▶ Exercise prompt
Restate the entries word for word and skip every image.

□ □ □

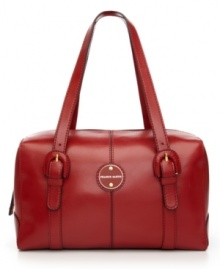 Worthy of the elegant address of its namesake, this polished leather silhouette from Franco Sarto is the epitome of classic styling. Buckle accents and detail stitching adorn the outside, while a well-organized interior keeps essentials perfectly in place. Worthy of the elegant address of its namesake, this polished leather silhouette from Franco Sarto is the epitome of classic styling. Buckle accents and detail stitching adorn the outside, while a well-organized interior keeps essentials perfectly in place.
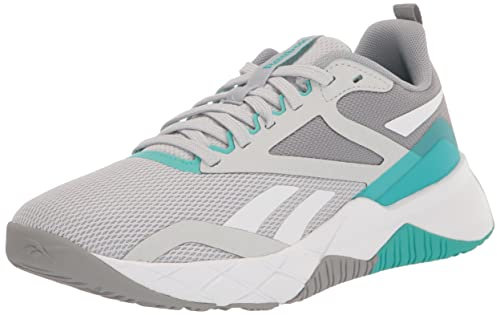 Reebok Womens NFX Fitness Performance Running Shoes, Pure Grey/Classic Teal, 38.5 EU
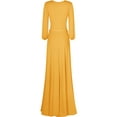 thumbnail image 2 of Bon Rosy, Women's, Long Sleeve Maxi Faux Wrap Solid Dress, Mustard, M, 2 of 2
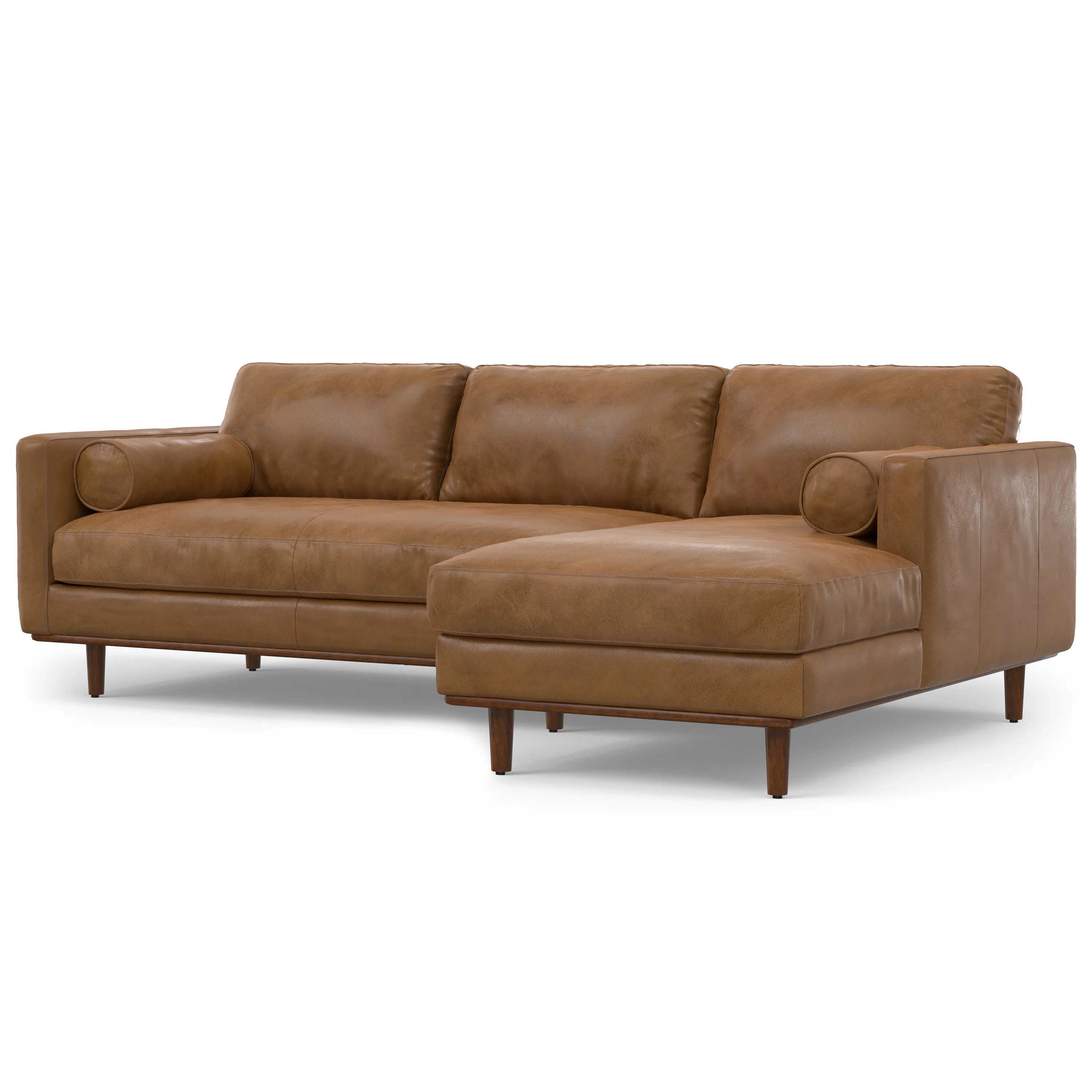 Morrison Mid Century Right Sectional 102 inch Wide Sofa Sectional in Caramel Brown Top Grain Genu... | Wayfair North America
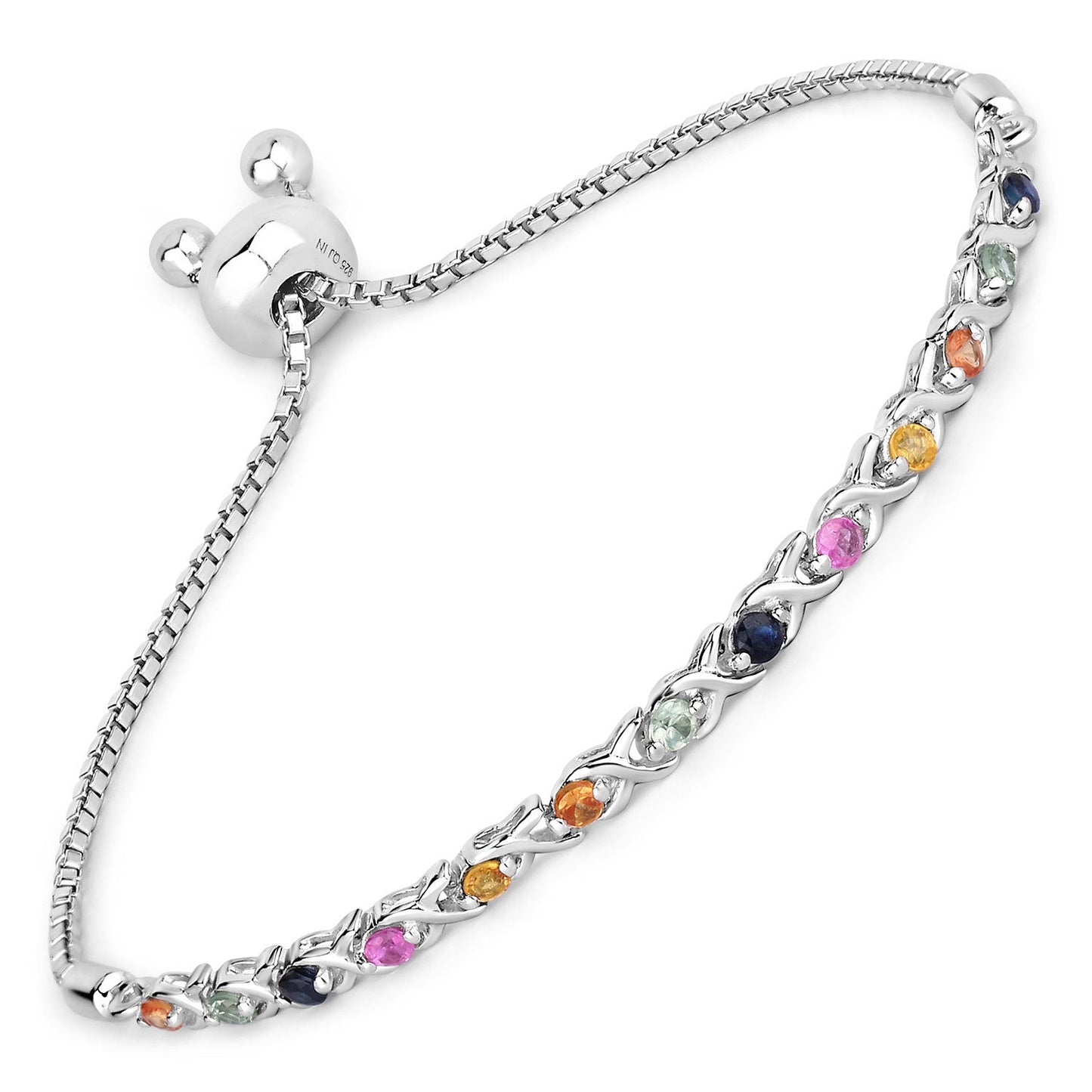Pulsera de Zafiros Múltiples de 0.88 Quilates en Plata Esterlina .925
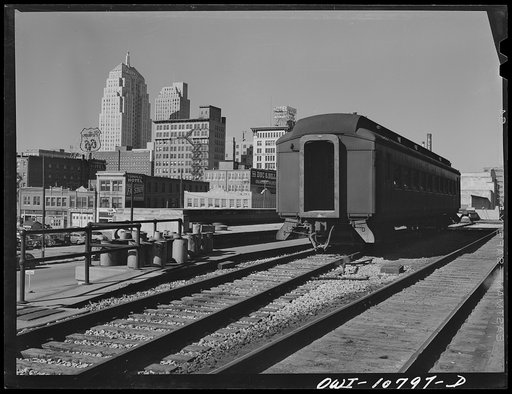 Oklahoma City, Oklahoma. Pullman car and city skyline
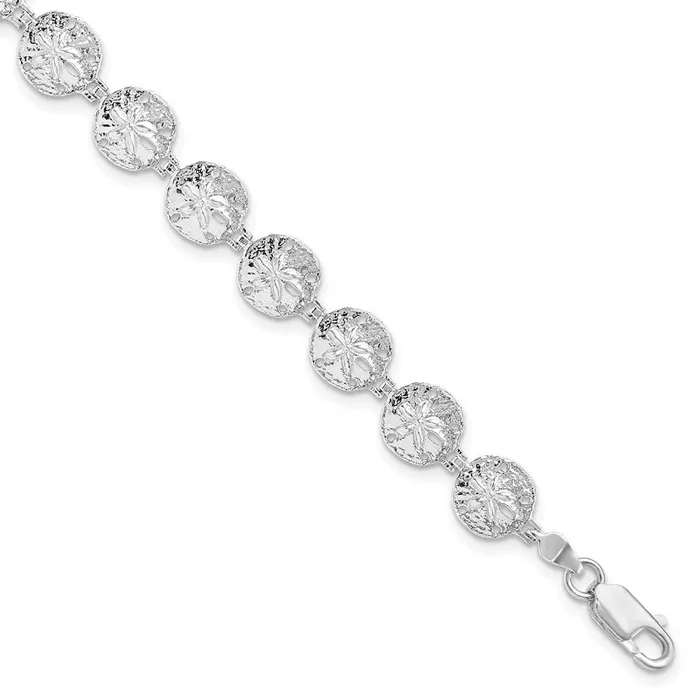 WB Choice Jewelry Bracelets Sterling Silver Polished Mini Sand Dollar BraceletWBCQH559175 WB Choice Jewelry Bracelets Sterling Silver Polished Mini Sand Dollar BraceletWBCQH559175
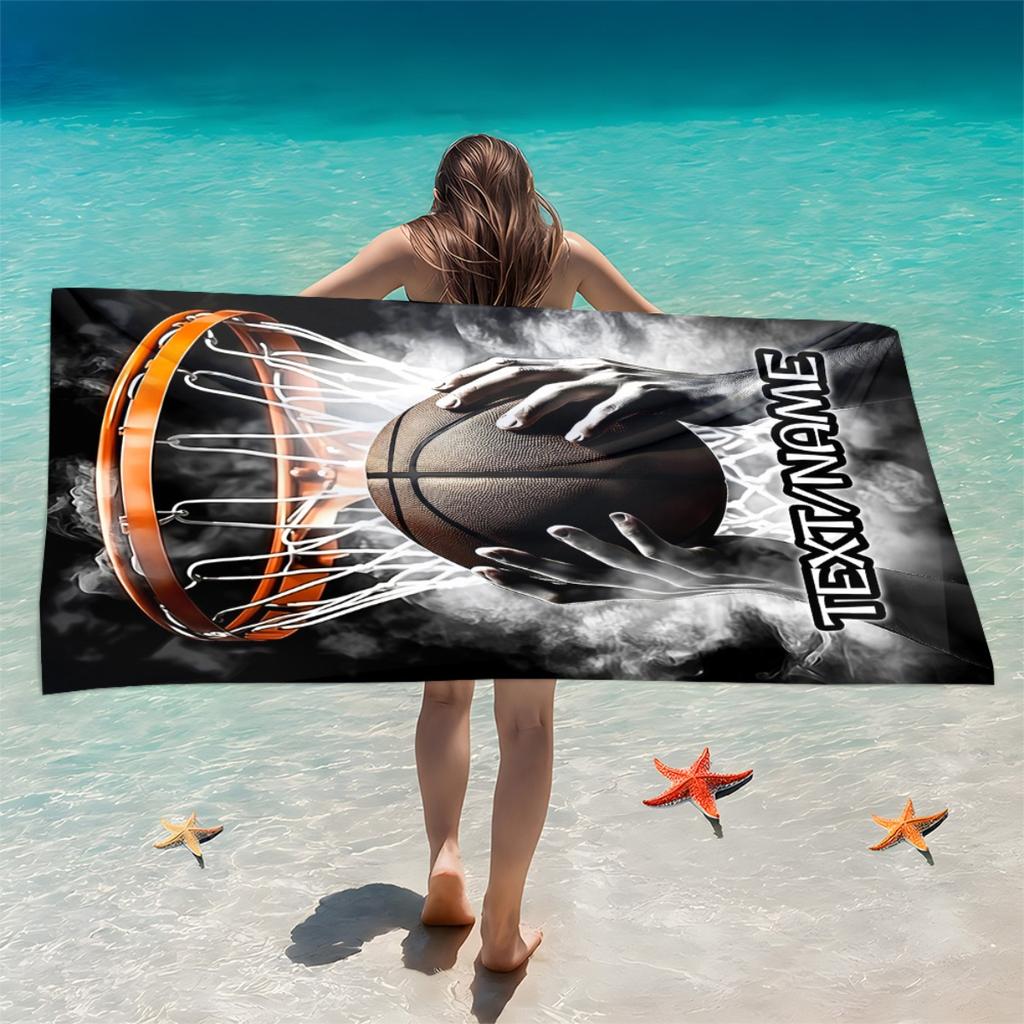 Custom Basketball Beach Towel Personalized Name Dunk Sports Microfiber Bath Towels Soft Quick Dry Swimming Pool Lounger Gift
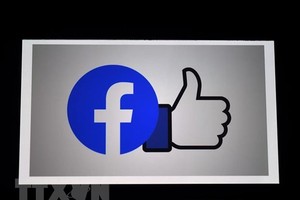 Biểu tượng Facebook trên màn hình điện thoại di động tại Arlington, Virginia, Mỹ. (Ảnh: AFP/TTXVN).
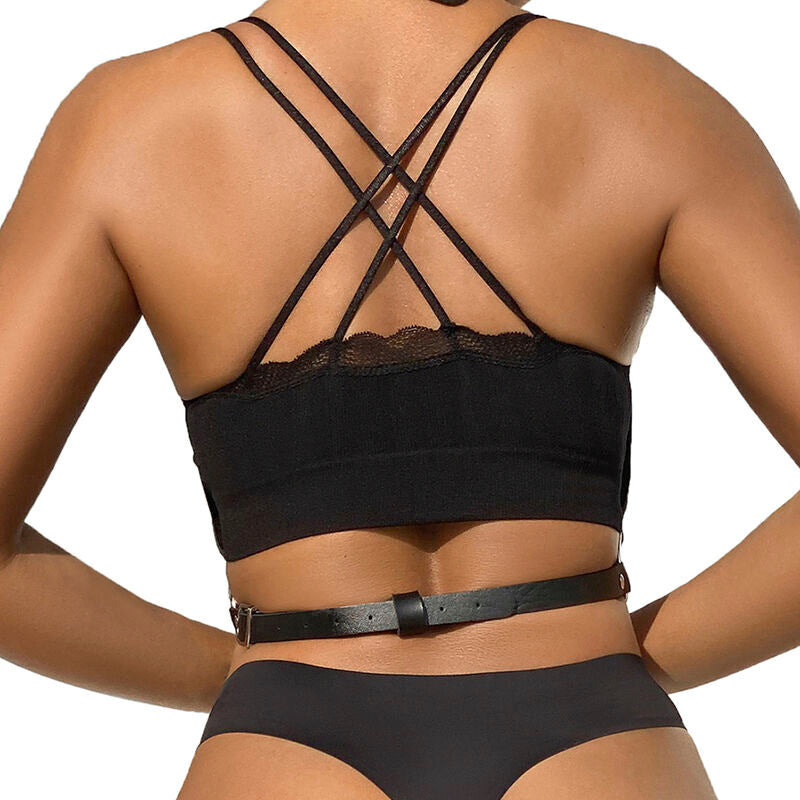 Harnais Poitrine BDSM Cuir Noir Détail Chaînes Taille Unique - Subblime
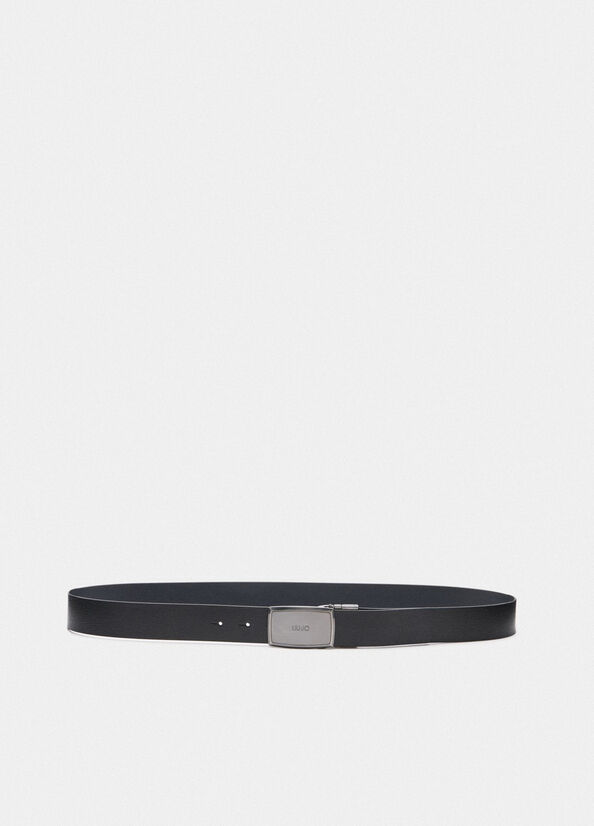 Ceinture en cuir avec boucle logotée noir Liu Jo - medium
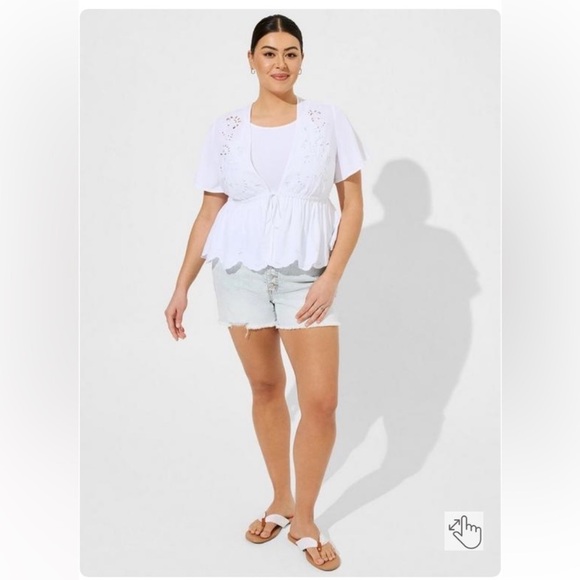 Torrid Dusty Rose Battenberg Lace Crop Tie Kimono NWT 3 - Picture 6 of 8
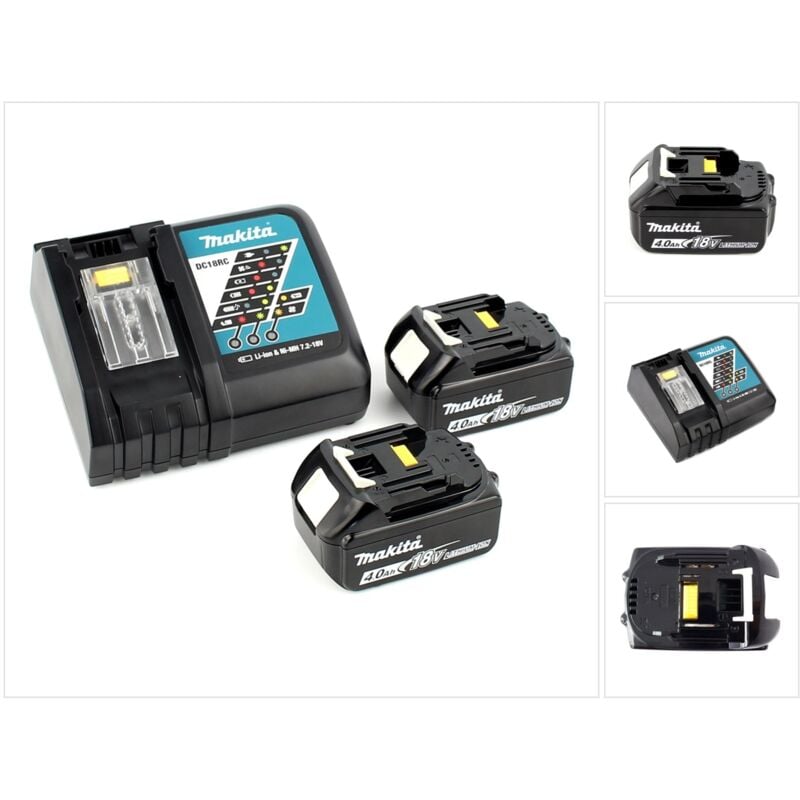 197490-7 Kit de source d'énergie Li 18V 2 x 4Ah + DC18RC Chargeur - Makita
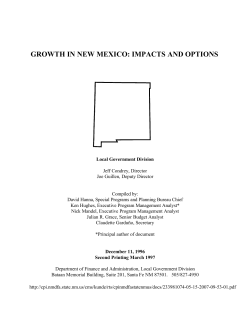 GROWTH IN NEW MEXICO: IMPACTS AND OPTIONS
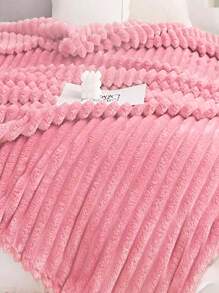 1pc Pink Striped Soft, Cozy & Plush Fleece Blanket/Throw, Suitable For Bedroom & Guest Room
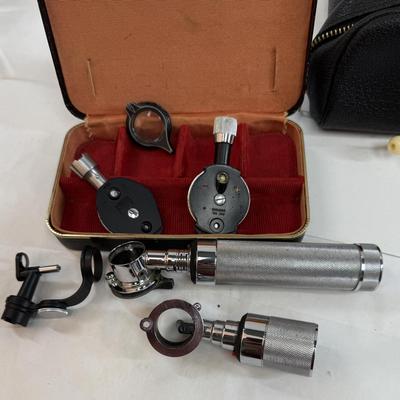 Sale Photo Thumbnail #44: Classic doctor's bag, vintage medical examination items as shown in photos.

□ □ □

▶ Written answer
 Worthy of the elegant address of its namesake, this polished leather silhouette from Franco Sarto is the epitome of classic styling. Buckle accents and detail stitching adorn the outside, while a well-organized interior keeps essentials perfectly in place. Worthy of the elegant address of its namesake, this polished leather silhouette from Franco Sarto is the epitome of classic styling. Buckle accents and detail stitching adorn the outside, while a well-organized interior keeps essentials perfectly in place.
 Reebok Womens NFX Fitness Performance Running Shoes, Pure Grey/Classic Teal, 38.5 EU
 thumbnail image 2 of Bon Rosy, Women's, Long Sleeve Maxi Faux Wrap Solid Dress, Mustard, M, 2 of 2
 Morrison Mid Century Right Sectional 102 inch Wide Sofa Sectional in Caramel Brown Top Grain Genu... | Wayfair North America
Pulsera de Zafiros Múltiples de 0.88 Quilates en Plata Esterlina .925
 Oklahoma City, Oklahoma. Pullman car and city skyline
 WB Choice Jewelry Bracelets Sterling Silver Polished Mini Sand Dollar BraceletWBCQH559175 WB Choice Jewelry Bracelets Sterling Silver Polished Mini Sand Dollar BraceletWBCQH559175
 Custom Basketball Beach Towel Personalized Name Dunk Sports Microfiber Bath Towels Soft Quick Dry Swimming Pool Lounger Gift
 Biểu tượng Facebook trên màn hình điện thoại di động tại Arlington, Virginia, Mỹ. (Ảnh: AFP/TTXVN).
 Harnais Poitrine BDSM Cuir Noir Détail Chaînes Taille Unique - Subblime
 Ceinture en cuir avec boucle logotée noir Liu Jo - medium
 Torrid Dusty Rose Battenberg Lace Crop Tie Kimono NWT 3 - Picture 6 of 8
 197490-7 Kit de source d'énergie Li 18V 2 x 4Ah + DC18RC Chargeur - Makita
 GROWTH IN NEW MEXICO: IMPACTS AND OPTIONS
 1pc Pink Striped Soft, Cozy & Plush Fleece Blanket/Throw, Suitable For Bedroom & Guest Room
 Sale Photo Thumbnail #44: Classic doctor's bag, vintage medical examination items as shown in photos.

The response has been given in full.